The Power of Prompting Strategies

The results, summarized in the table below, reveal a massive gap between naive prompting and the full TEXT-TO-FORMAT pipeline.

Table 2 summarizes the performance…

Note: In the table above, “Prompt” refers to asking the model directly. “Doc Prompting” refers to the RAG method.

Key Takeaways from the Results:

  • Zero-shot fails: Simply asking GPT-4 Turbo to generate the code (“Prompt” row) only results in 34.41% accuracy. It simply doesn’t know the API well enough.
  • RAG is a game changer: Adding the retrieved documentation (“Doc Prompting”) boosts GPT-4’s accuracy to 81.26%.
  • Self-Refinement seals the deal: When you combine RAG, Few-shot learning (showing examples), and Self-Refinement, the accuracy hits 91.43%.

This proves that even the most powerful models need external knowledge and feedback loops to handle specialized tasks like this.

The Difficulty of Complexity

The system isn’t perfect. As the instructions get more complicated, performance drops.
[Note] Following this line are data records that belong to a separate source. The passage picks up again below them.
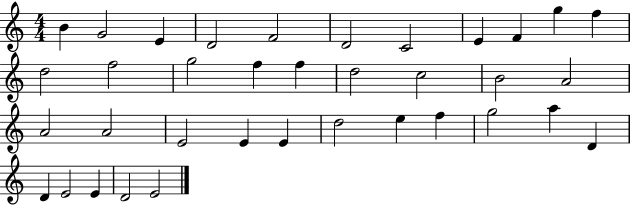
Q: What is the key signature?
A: C major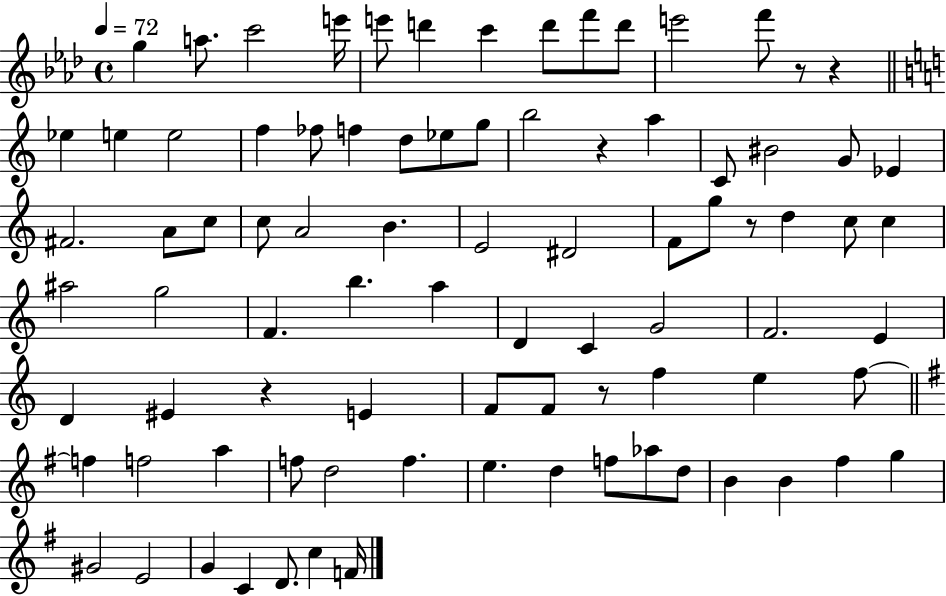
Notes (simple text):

G5/q A5/e. C6/h E6/s E6/e D6/q C6/q D6/e F6/e D6/e E6/h F6/e R/e R/q Eb5/q E5/q E5/h F5/q FES5/e F5/q D5/e Eb5/e G5/e B5/h R/q A5/q C4/e BIS4/h G4/e Eb4/q F#4/h. A4/e C5/e C5/e A4/h B4/q. E4/h D#4/h F4/e G5/e R/e D5/q C5/e C5/q A#5/h G5/h F4/q. B5/q. A5/q D4/q C4/q G4/h F4/h. E4/q D4/q EIS4/q R/q E4/q F4/e F4/e R/e F5/q E5/q F5/e F5/q F5/h A5/q F5/e D5/h F5/q. E5/q. D5/q F5/e Ab5/e D5/e B4/q B4/q F#5/q G5/q G#4/h E4/h G4/q C4/q D4/e. C5/q F4/s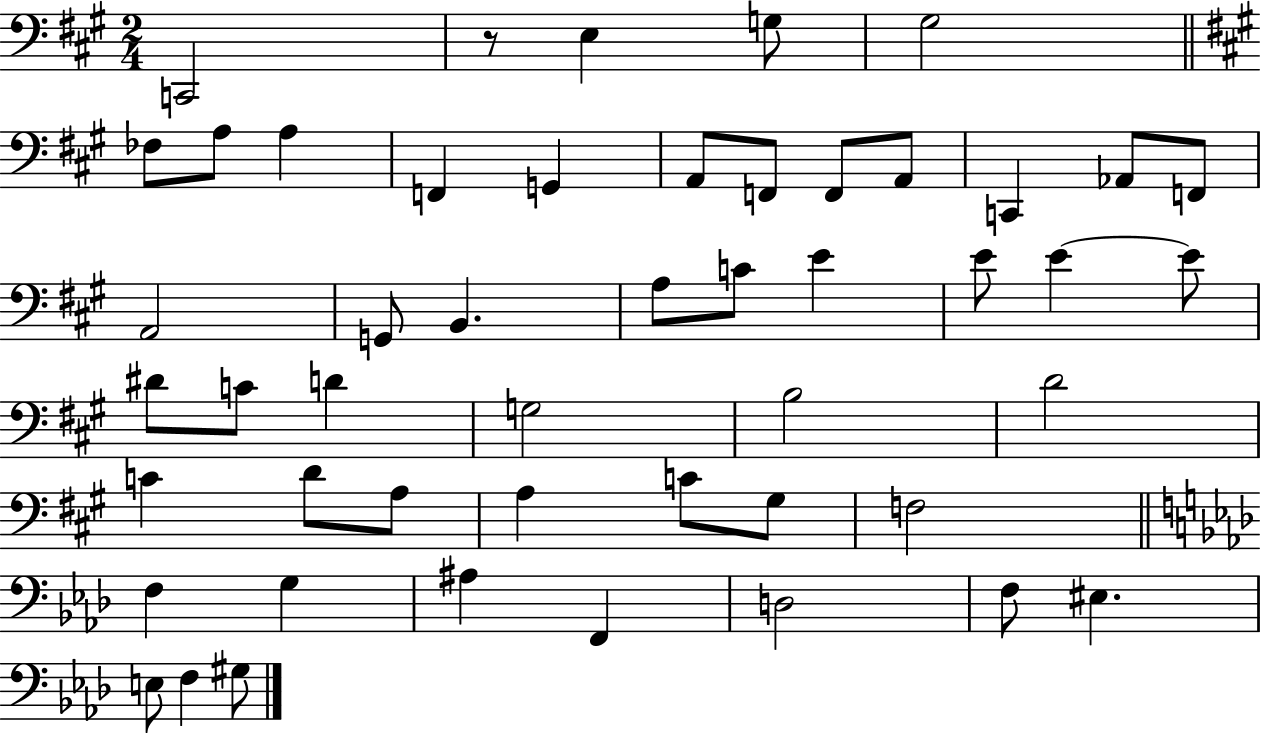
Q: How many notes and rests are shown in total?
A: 49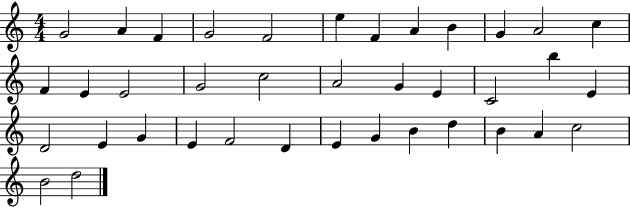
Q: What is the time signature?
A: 4/4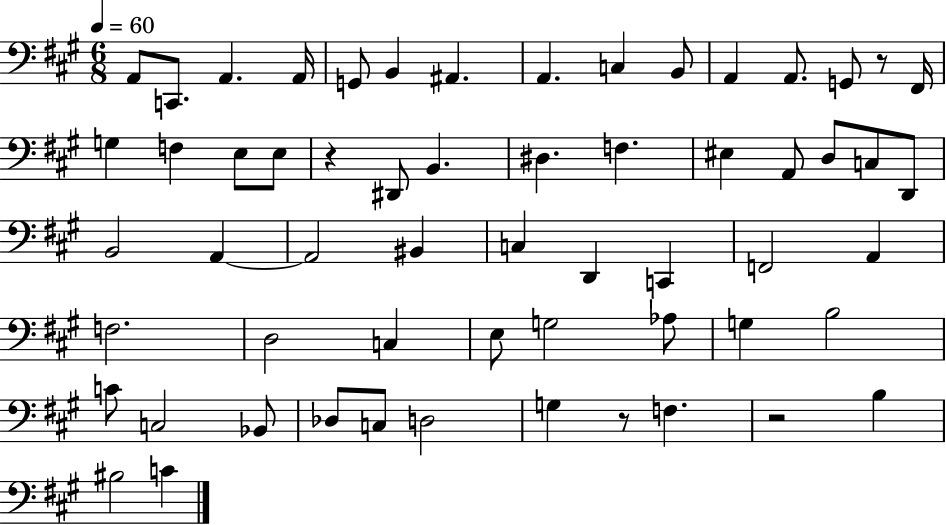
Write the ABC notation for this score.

X:1
T:Untitled
M:6/8
L:1/4
K:A
A,,/2 C,,/2 A,, A,,/4 G,,/2 B,, ^A,, A,, C, B,,/2 A,, A,,/2 G,,/2 z/2 ^F,,/4 G, F, E,/2 E,/2 z ^D,,/2 B,, ^D, F, ^E, A,,/2 D,/2 C,/2 D,,/2 B,,2 A,, A,,2 ^B,, C, D,, C,, F,,2 A,, F,2 D,2 C, E,/2 G,2 _A,/2 G, B,2 C/2 C,2 _B,,/2 _D,/2 C,/2 D,2 G, z/2 F, z2 B, ^B,2 C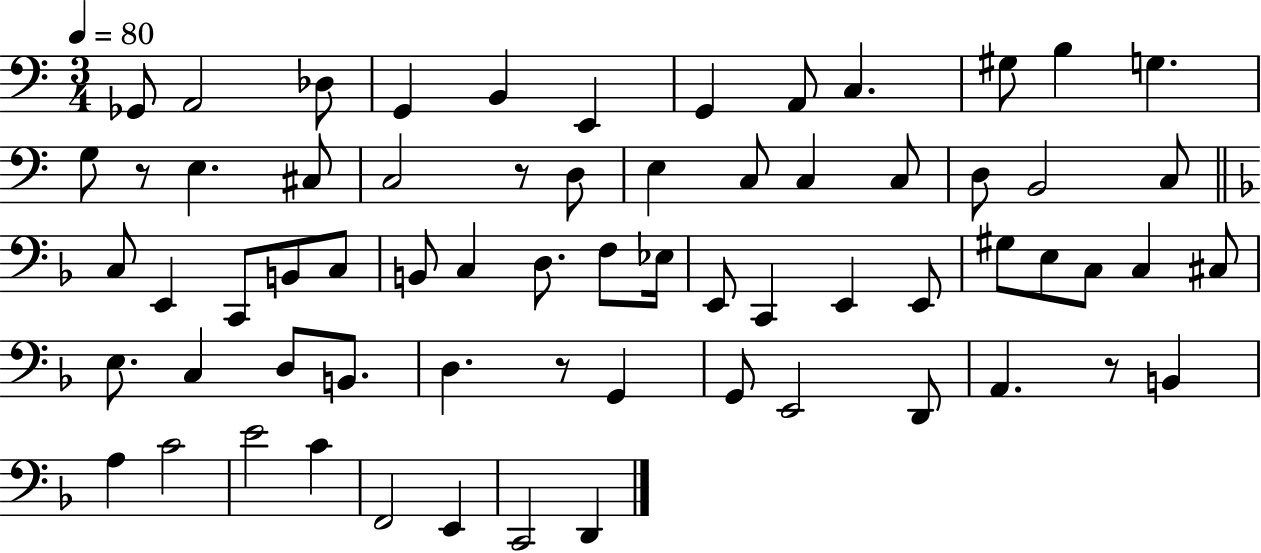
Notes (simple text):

Gb2/e A2/h Db3/e G2/q B2/q E2/q G2/q A2/e C3/q. G#3/e B3/q G3/q. G3/e R/e E3/q. C#3/e C3/h R/e D3/e E3/q C3/e C3/q C3/e D3/e B2/h C3/e C3/e E2/q C2/e B2/e C3/e B2/e C3/q D3/e. F3/e Eb3/s E2/e C2/q E2/q E2/e G#3/e E3/e C3/e C3/q C#3/e E3/e. C3/q D3/e B2/e. D3/q. R/e G2/q G2/e E2/h D2/e A2/q. R/e B2/q A3/q C4/h E4/h C4/q F2/h E2/q C2/h D2/q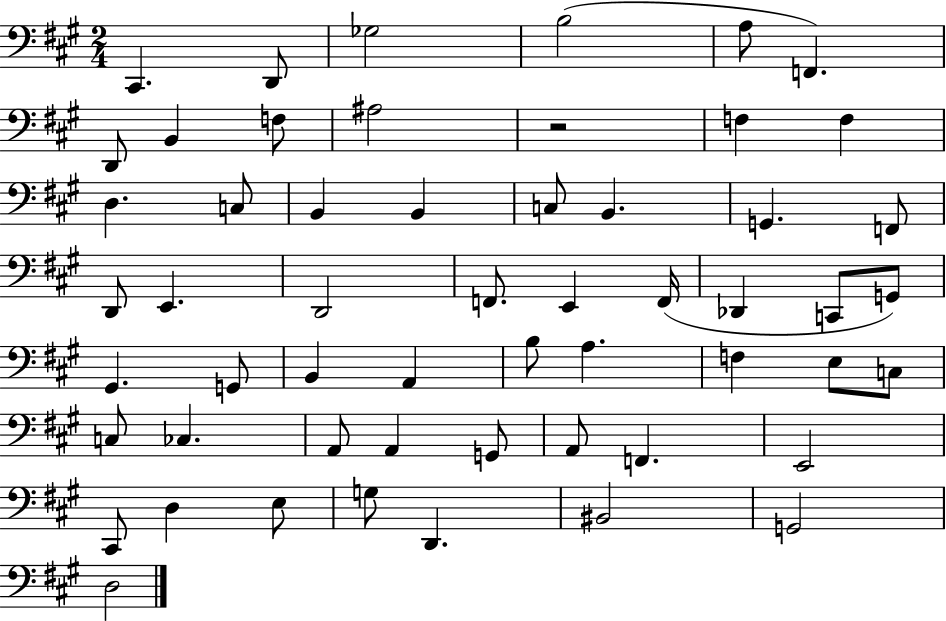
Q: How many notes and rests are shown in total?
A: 55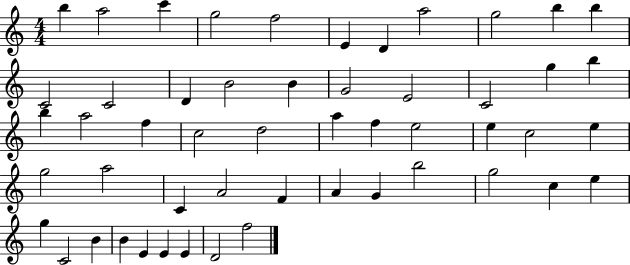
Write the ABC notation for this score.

X:1
T:Untitled
M:4/4
L:1/4
K:C
b a2 c' g2 f2 E D a2 g2 b b C2 C2 D B2 B G2 E2 C2 g b b a2 f c2 d2 a f e2 e c2 e g2 a2 C A2 F A G b2 g2 c e g C2 B B E E E D2 f2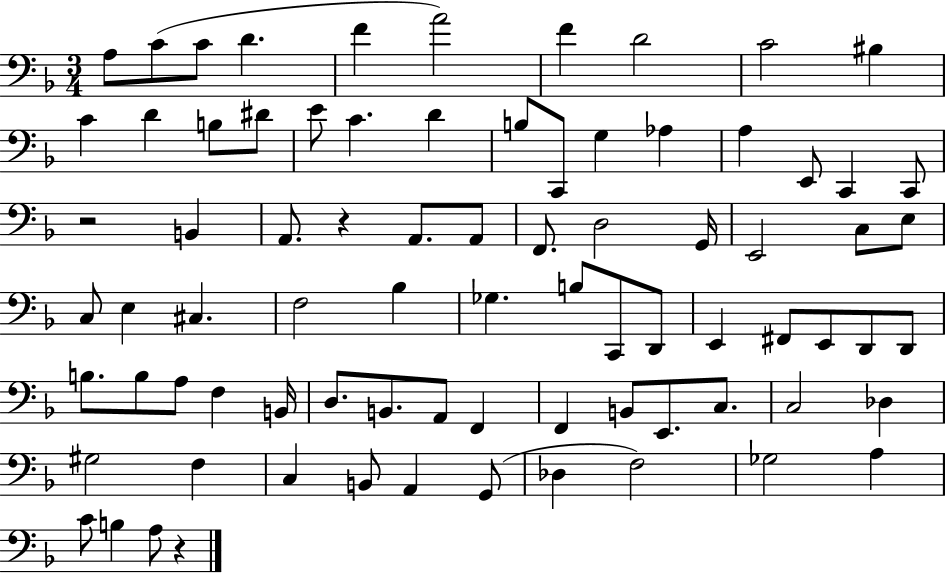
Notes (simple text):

A3/e C4/e C4/e D4/q. F4/q A4/h F4/q D4/h C4/h BIS3/q C4/q D4/q B3/e D#4/e E4/e C4/q. D4/q B3/e C2/e G3/q Ab3/q A3/q E2/e C2/q C2/e R/h B2/q A2/e. R/q A2/e. A2/e F2/e. D3/h G2/s E2/h C3/e E3/e C3/e E3/q C#3/q. F3/h Bb3/q Gb3/q. B3/e C2/e D2/e E2/q F#2/e E2/e D2/e D2/e B3/e. B3/e A3/e F3/q B2/s D3/e. B2/e. A2/e F2/q F2/q B2/e E2/e. C3/e. C3/h Db3/q G#3/h F3/q C3/q B2/e A2/q G2/e Db3/q F3/h Gb3/h A3/q C4/e B3/q A3/e R/q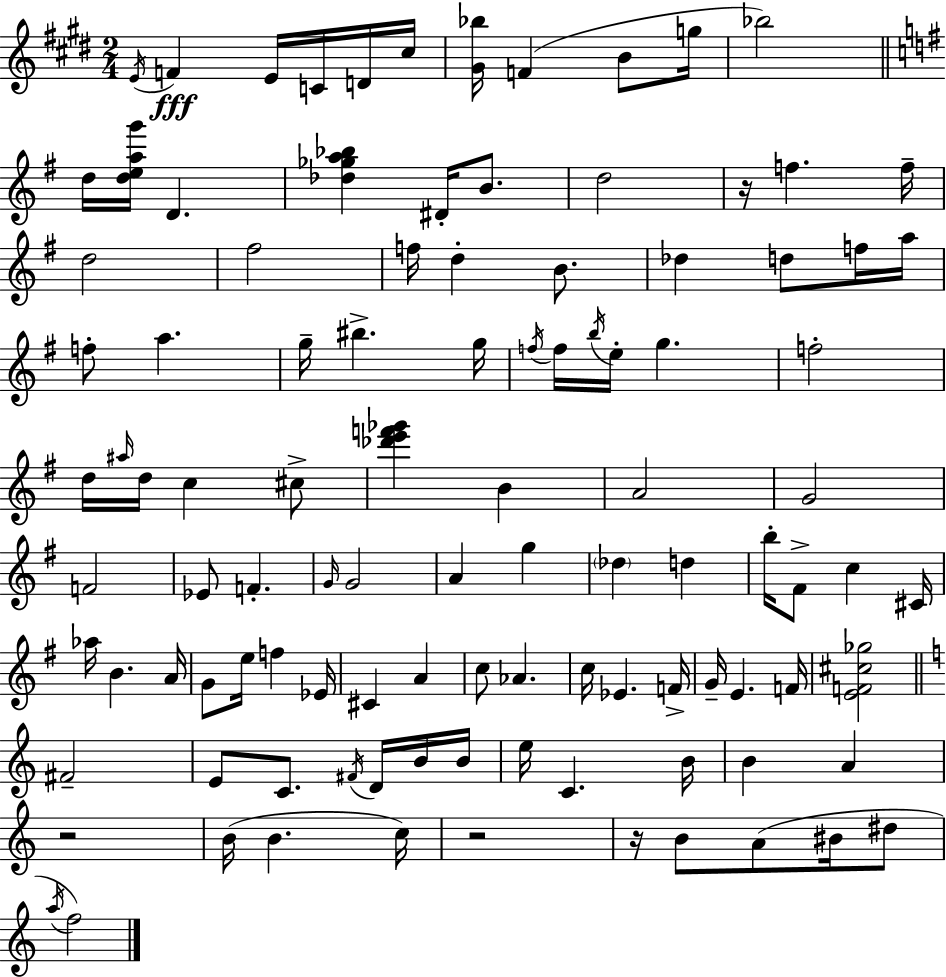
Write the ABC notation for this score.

X:1
T:Untitled
M:2/4
L:1/4
K:E
E/4 F E/4 C/4 D/4 ^c/4 [^G_b]/4 F B/2 g/4 _b2 d/4 [deag']/4 D [_d_ga_b] ^D/4 B/2 d2 z/4 f f/4 d2 ^f2 f/4 d B/2 _d d/2 f/4 a/4 f/2 a g/4 ^b g/4 f/4 f/4 b/4 e/4 g f2 d/4 ^a/4 d/4 c ^c/2 [_d'e'f'_g'] B A2 G2 F2 _E/2 F G/4 G2 A g _d d b/4 ^F/2 c ^C/4 _a/4 B A/4 G/2 e/4 f _E/4 ^C A c/2 _A c/4 _E F/4 G/4 E F/4 [EF^c_g]2 ^F2 E/2 C/2 ^F/4 D/4 B/4 B/4 e/4 C B/4 B A z2 B/4 B c/4 z2 z/4 B/2 A/2 ^B/4 ^d/2 a/4 f2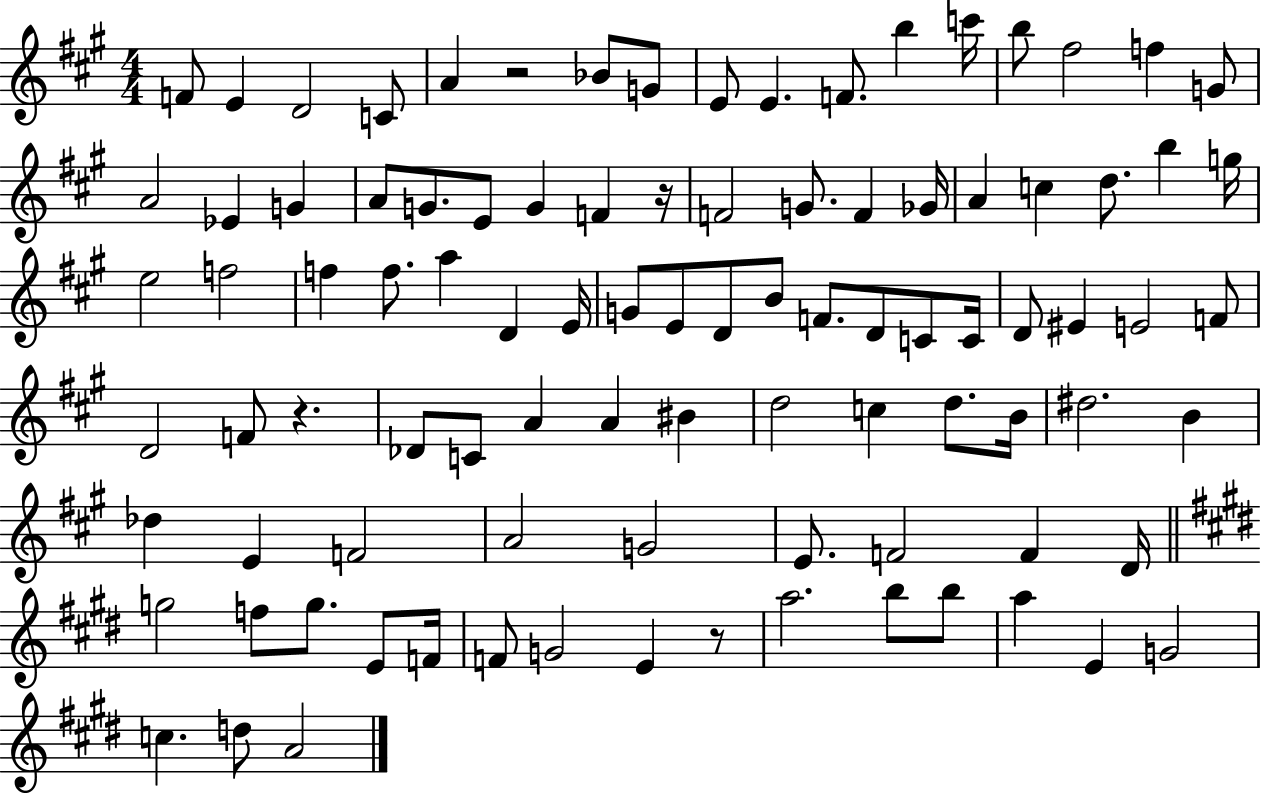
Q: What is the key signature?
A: A major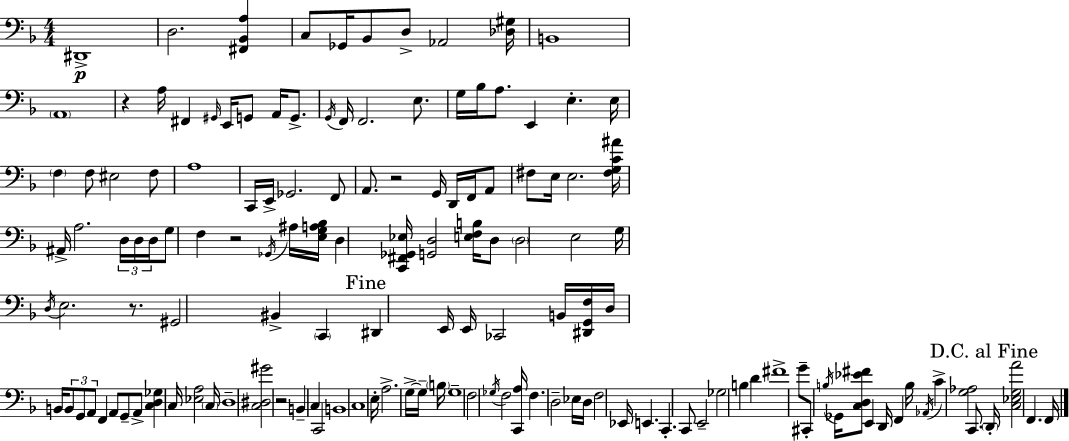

Figure 4: Impact of the number of properties involved in the formatting instruction on performance.

Figure 4 shows the performance trends for different models.

  • Blue Line (Accuracy): Notice how accuracy dips as the “Property Number” (the number of things you want to format at once) increases.
  • Orange Line (Exceptions): For weaker models like Gemini Pro, the code starts crashing more frequently as complexity rises.
  • However, stronger models like GPT-4 Turbo (top right graph) maintain a relatively flat curve, indicating they are much more robust even when handling 10+ formatting commands simultaneously.

The Cost of Accuracy

There is a trade-off. To get that 91% accuracy, the system uses “Few-shot” prompting, which involves feeding the model many examples of correct code before asking it to generate new code. This consumes a lot of “tokens” (units of text processing cost).

Figure 6: Token consumption for various prompting strategies on GPT-4 Turbo.

Figure 6 illustrates the token usage. The bars on the far left (“Doc Prompting few-shot”) are the highest. While this method is the most accurate, it is also the most expensive to run. The “Input Tokens” (blue/light green) are very high because the model has to read through all the examples and API documentation every time.

Conclusion and Future Implications

The TEXT-TO-FORMAT paper demonstrates a significant leap forward in office automation. By treating document formatting as a code generation problem, the researchers have opened the door to a future where we interact with software through conversation rather than clicks.

Key Takeaways:

  1. Specialized Data Matters: The creation of DOCFORMEVAL fills a critical gap, allowing researchers to measure how well AI interacts with office software APIs.
  2. Context is King: LLMs cannot do this alone. They need Retrieval-Augmented Generation (RAG) to access specific API documentation to write working code.
  3. Self-Correction Works: Allowing the model to see its own error messages and “try again” drastically reduces failure rates.

Perhaps the most exciting implication is for privacy. The experiments showed that open-source models (like DeepSeek or CodeQwen), when deployed locally with these techniques, can achieve respectable performance. This means companies could run these formatting tools offline, ensuring confidential contracts or legal documents never leave their secure servers.

While we aren’t quite at the point where we can throw away our mouse entirely, this research proves that the days of fighting with paragraph spacing and font inconsistencies are numbered. Soon, you might just type, “Make this look like a professional business letter,” and let the AI handle the rest.